The Office of Legal Counsel, in the U.S. Department of Justice, issued an opinion on April 6 that is raising a lot of questions and criticisms.  For instance, over at the blog Bench Memos, Ed Whelan has a two-part analysis (I and II) calling this OLC opinion “deeply defective.”  The OLC opinion is titled “Authority of the President to Prospectively Appoint a Supreme Court Justice.”  My reaction is summarized in the title of this blog post, which is at odds with the OLC opinion.
In the past, following confirmation by the Senate of a new judge to the Supreme Court, presidents have sometimes issued a commission before the seat is actually vacated, instead of following the usual practice of waiting until a vacancy occurs.  Ed Whelan describes the two known instances: 
President Grant’s commission of Edwin M. Stanton on December 20, 1869, specified that it would “take effect on or after February 1 [1870],” the date on which Justice Grier’s resignation would take effect, and President Harding’s commission on September 5, 1922, of George Sutherland to replace Justice Clarke likewise stated “commencing September 18, 1922,” the date on which Clarke’s resignation would take effect.
But what if the commission does not say when it will take effect?  This problem would become acute when party control of the U.S. Senate changes, and the new Senate is potentially left helpless to do anything about the situation even though the vacancy has not even arisen yet. Apparently, the recent OLC opinion does not see this as a problem much less an acute one: 
The President’s signing of [a judge’s] commission would complete her appointment, bringing to an end the President’s and the Senate’s role in the process.
This is an assertion that the Senate would have no role, nor would the President have any role, even if a mid-term election happens after the president signs the commission but before the vacancy actually arises.  OLC mentions that a President cannot “forestall the rights and prerogatives of [his] own successors,” but that weak limitation makes OLC's theory internally inconsistent, because the President could resign in order to terminate a SCOTUS appointment before the vacancy occurs.

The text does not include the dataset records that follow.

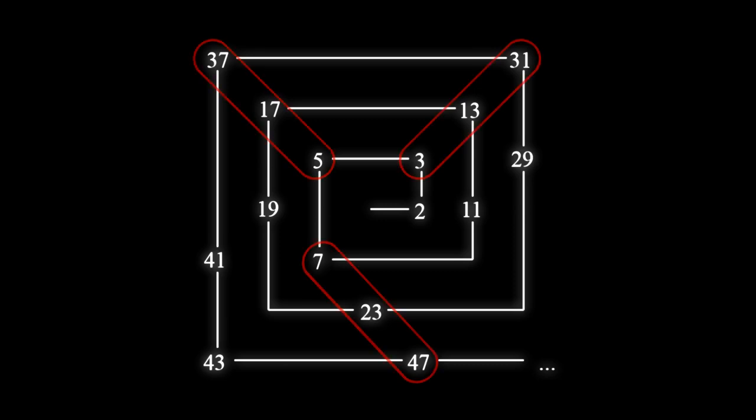Which was an incredible discovery, because prime numbers are very important in mathematics, and maybe this was an option to predict them without having to calculate them.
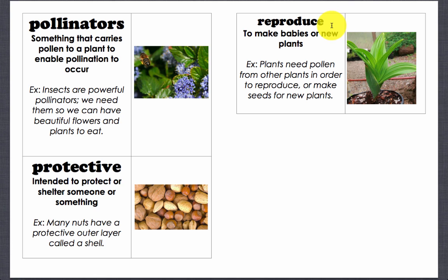Reproduce: to make babies or new plants. Example: plants need pollen from other plants in order to reproduce, or make seeds for new plants.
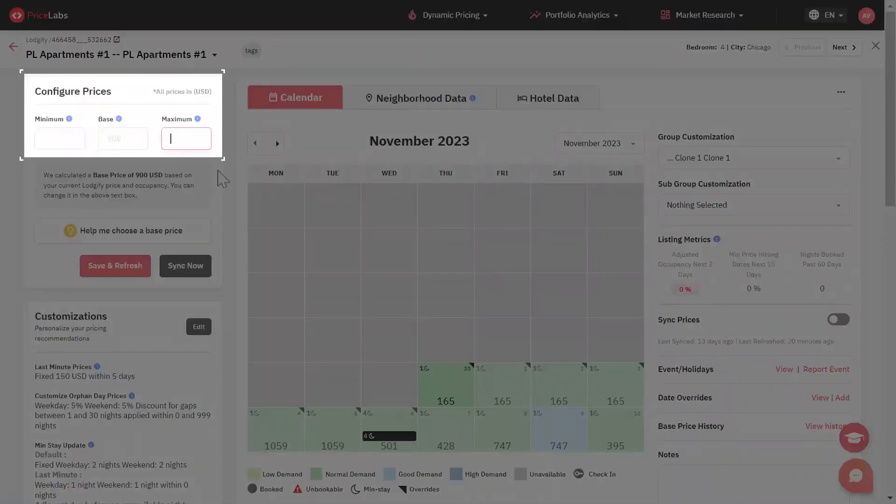The maximum price is the highest price one sets for their listing. This price acts just like a minimum and won't let the recommended rates go above the maximum value set.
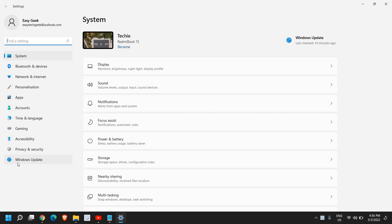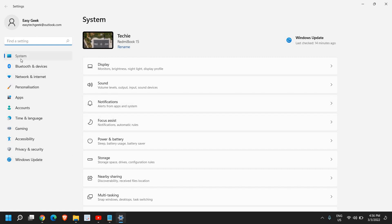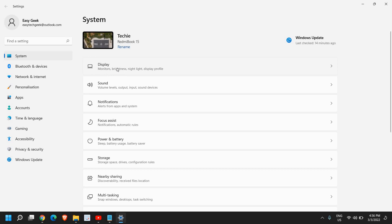And once you're here in the settings, at the left-hand side, we have this option called system. And on the right side, we have this display option.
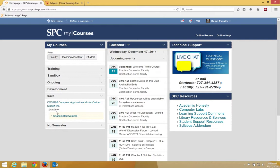You should know that the Friday before the semester begins, all courses will be made active. So you don't have to activate it yourself. But if you want to, this is the process.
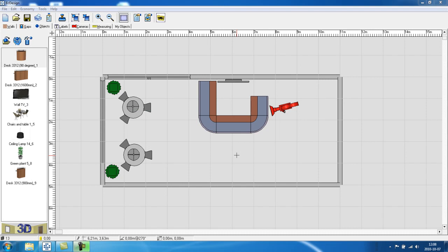This is part number nine of the Easy Design Space Planner tutorials. Now we will show you how to create custom flooring in the scene.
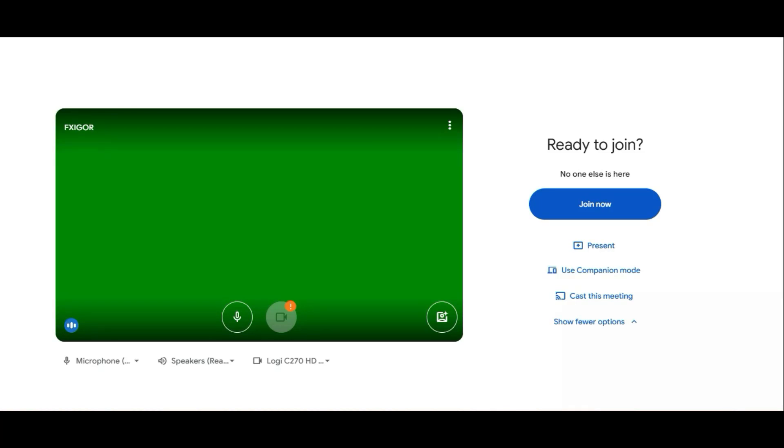If you open Google Meet, you can see a green screen. If you see the green screen, this can be a huge problem. So how to solve the problem?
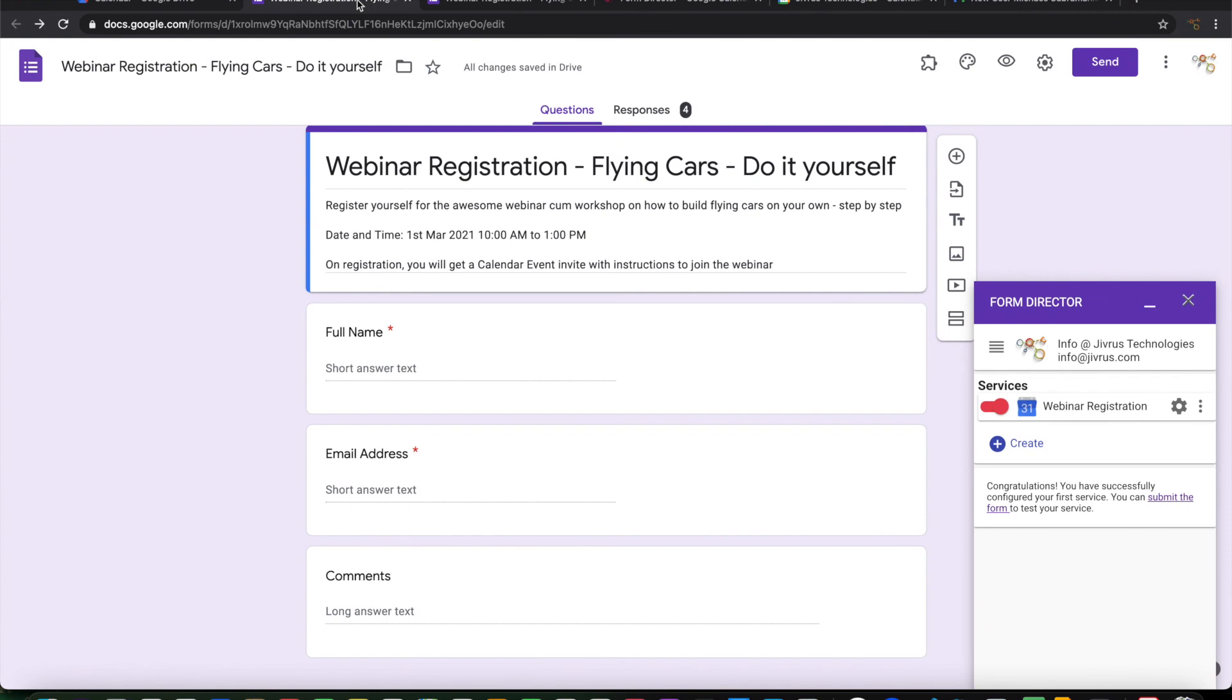So this is how easy it is to set up a Google form using Form Director to add attendees to an existing Google calendar event. Thank you for watching.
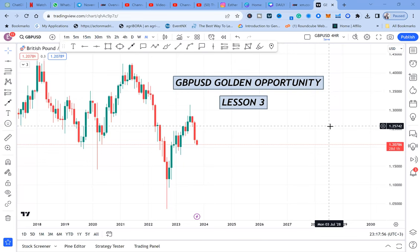GBP/USD — you have to add it on your watchlist. It has a golden opportunity and I'm here to share with you the reason why. I love doing monthly analysis because it gives me a heads-up of what has to happen, and if I get an entry, I'm covered for at least one month. Monthly analysis is perfect, and here's how I'm finding GBP/USD — it has a golden opportunity.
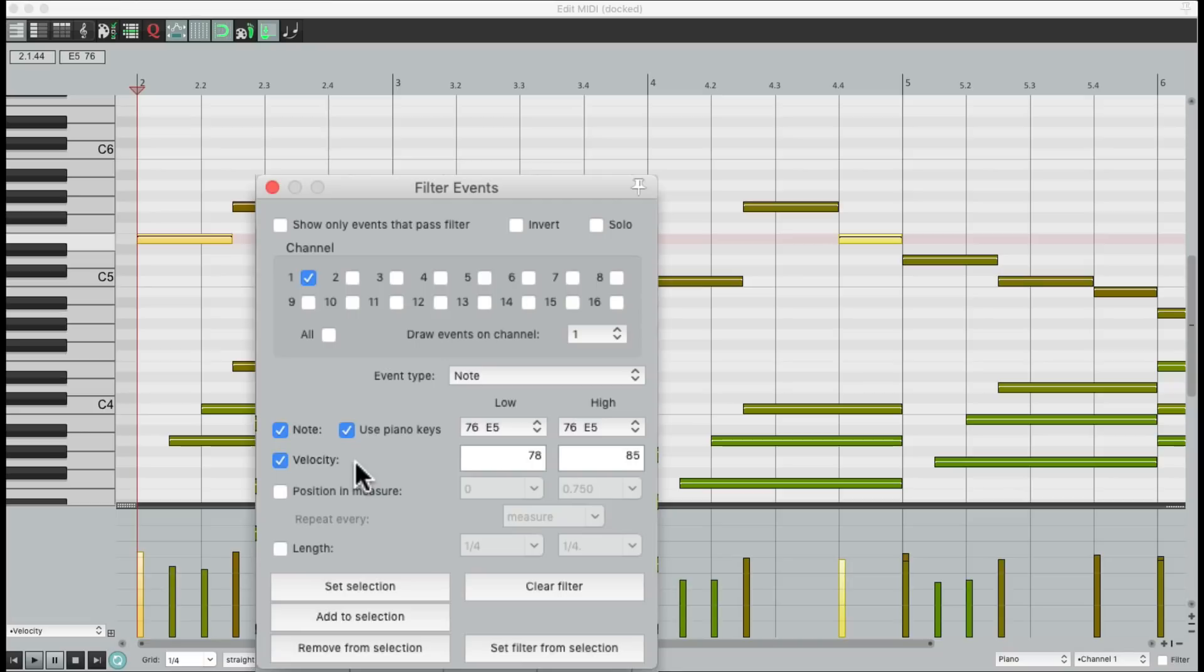But anyway, that's the MIDI filter events in Reaper. I hope you learned something, hope you can use it, and I'll see you next time. Thanks.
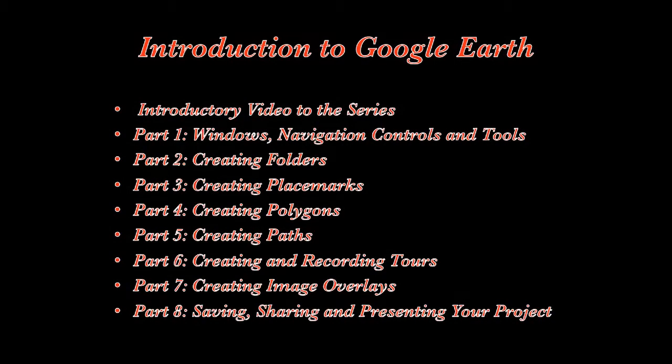This concludes Part 2 of this series. To learn about additional features and functions and how to apply them within Google Earth, please refer to the additional tutorial videos found in this series. Thank you for viewing this podcast and for your interest in Google Earth.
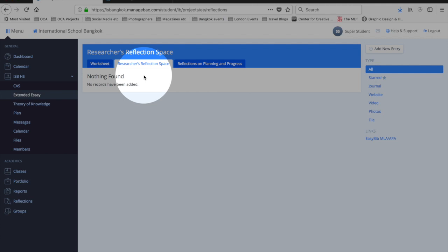You can use ManageBack for this, but you may prefer other methods. Let me show you how you can use ManageBack.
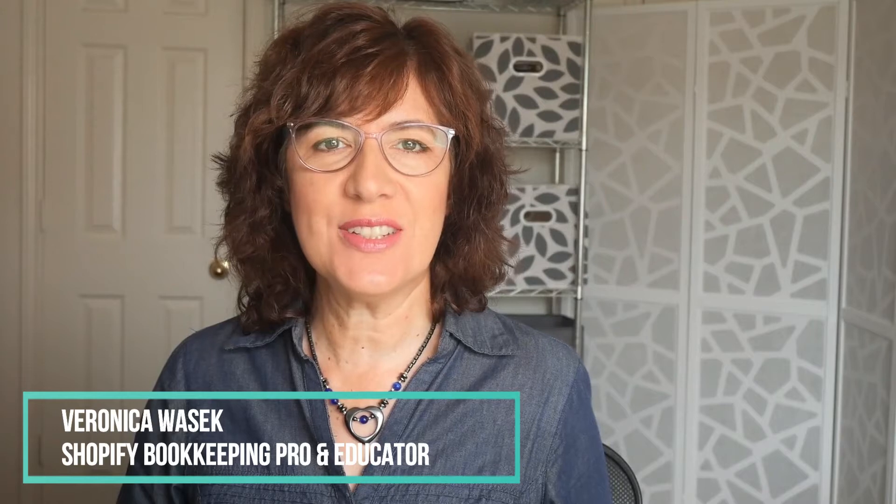Hi, I'm Veronica Vasek, and I help Shopify sellers to set up, organize, and streamline their financial systems, whether you're looking for DIY, done with you, or done for you financials.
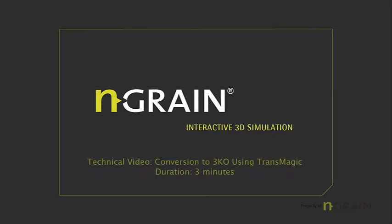Welcome to this video tutorial on how to convert 3D CAD into NGRAIN 3KOs. I'm going to show you how easy it is to use Transmagic NGRAIN PowerPak R9 Service Pack 1.2.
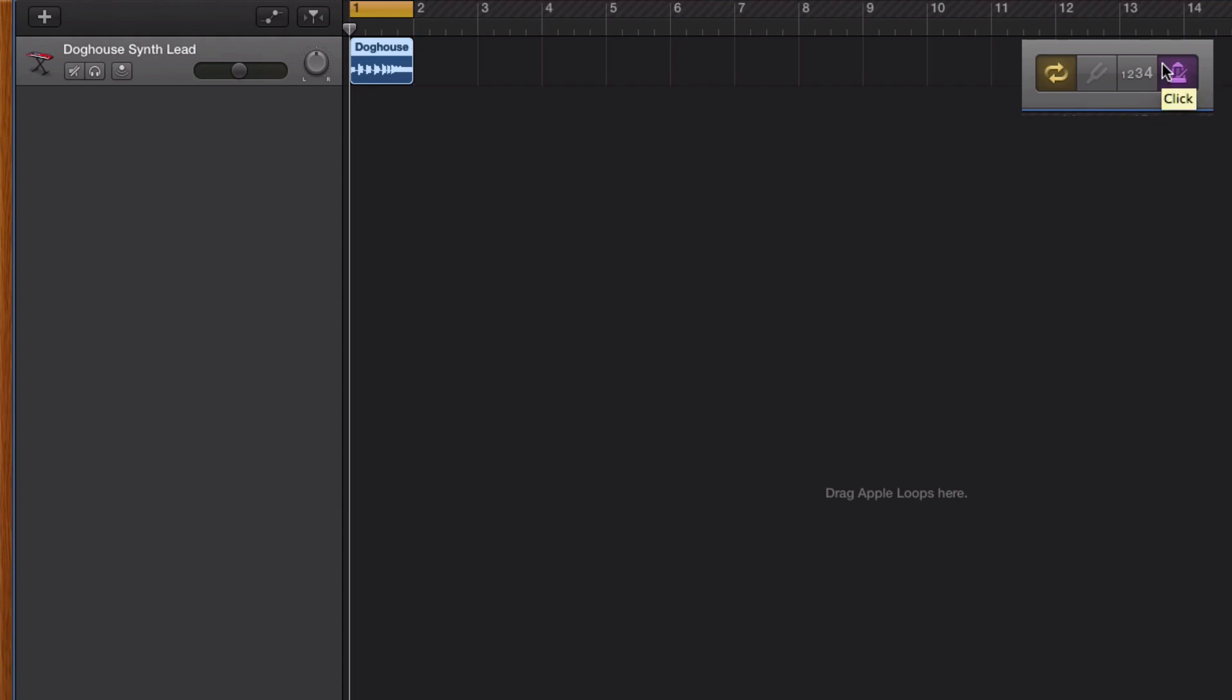We also want to turn off the clicked sound so it doesn't annoy us when we're exporting and saving to iTunes, so we don't have this metronome beating in the background.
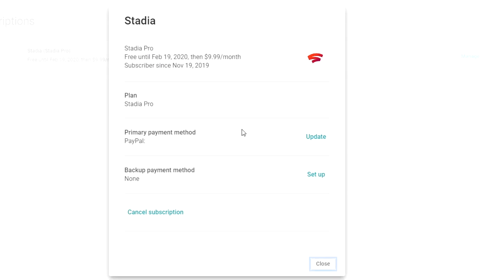And then from here you can simply change your primary method of payment or add a backup payment method. All you gotta do is click on update and put in your information.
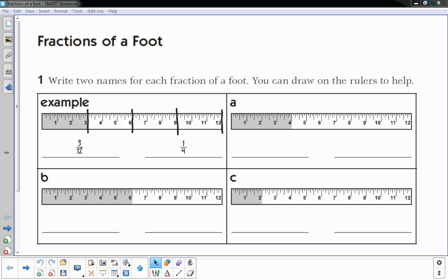Thanks for joining me, this is Mr. Knowles and this video focuses on fractions of a foot. One thing you have to understand about a foot is that it's made up of 12 inches. So basically we'll be working with fractions that are made up of 12 or something equivalent to 12. Let's get started — write two names for each fraction of a foot; you can draw on the rulers to help.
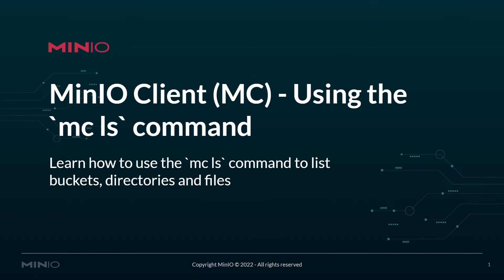Hello everyone, this is MJ with MinIO. In today's video we'll be using the MinIO client and the mcls command to list buckets, directories, and files both locally on your system and in remote S3 or object storage buckets.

The natural inference from the Constitution is that the sequence for getting new people onto the Supreme Court generally should be as follows: (1) vacancy, (2) nomination, (3) consent of the Senate, (4) appointment, (5) commissioning, and (6) oath.  But in actual practice, an exception has developed; as OLC explained in 1968 (emphasis added), “from the earliest years the Senate has exercised the power to confirm nominations to offices in which a vacancy in the near future is anticipated to take effect....”  In such cases, the usual sequence may be modified so that, as President Kennedy explained in 1961, the "Court may not be handicapped for any time during which a vacancy might otherwise exist."  The exception to the usual constitutional sequence ought to be limited to its legitimate purpose, rather than extended unnecessarily across national elections. Following an election, either the inchoate appointment must lapse, or else the Senate has every constitutional right and power to reconsider a nomination and withdraw its consent.  After all, the Appointments Clause makes clear that an appointment can only happen “with” the consent of the Senate, so the Senate’s consent is needed throughout the appointment process, until the appointment actually takes effect.
For anyone seeking scholarship on this subject, I recommend this starting place: "Anticipated Judicial Vacancies and the Power to Nominate" by Matthew Madden, Virginia Law Review, Vol. 93, No. 4 (Jun., 2007), pp. 1135-1174.  It's available on SSRN.  Madden argues that "there is a vacancy prerequisite to the operation of the Appointments Clause that requires either an actual vacancy in the office to be filled, or a sufficiently definite and irrevocable anticipated vacancy in such an office."  The recent resignation statement by Justice Breyer said he “intend[ed]” his retirement decision to take effect at the end of the Court’s term, but intentions can of course change.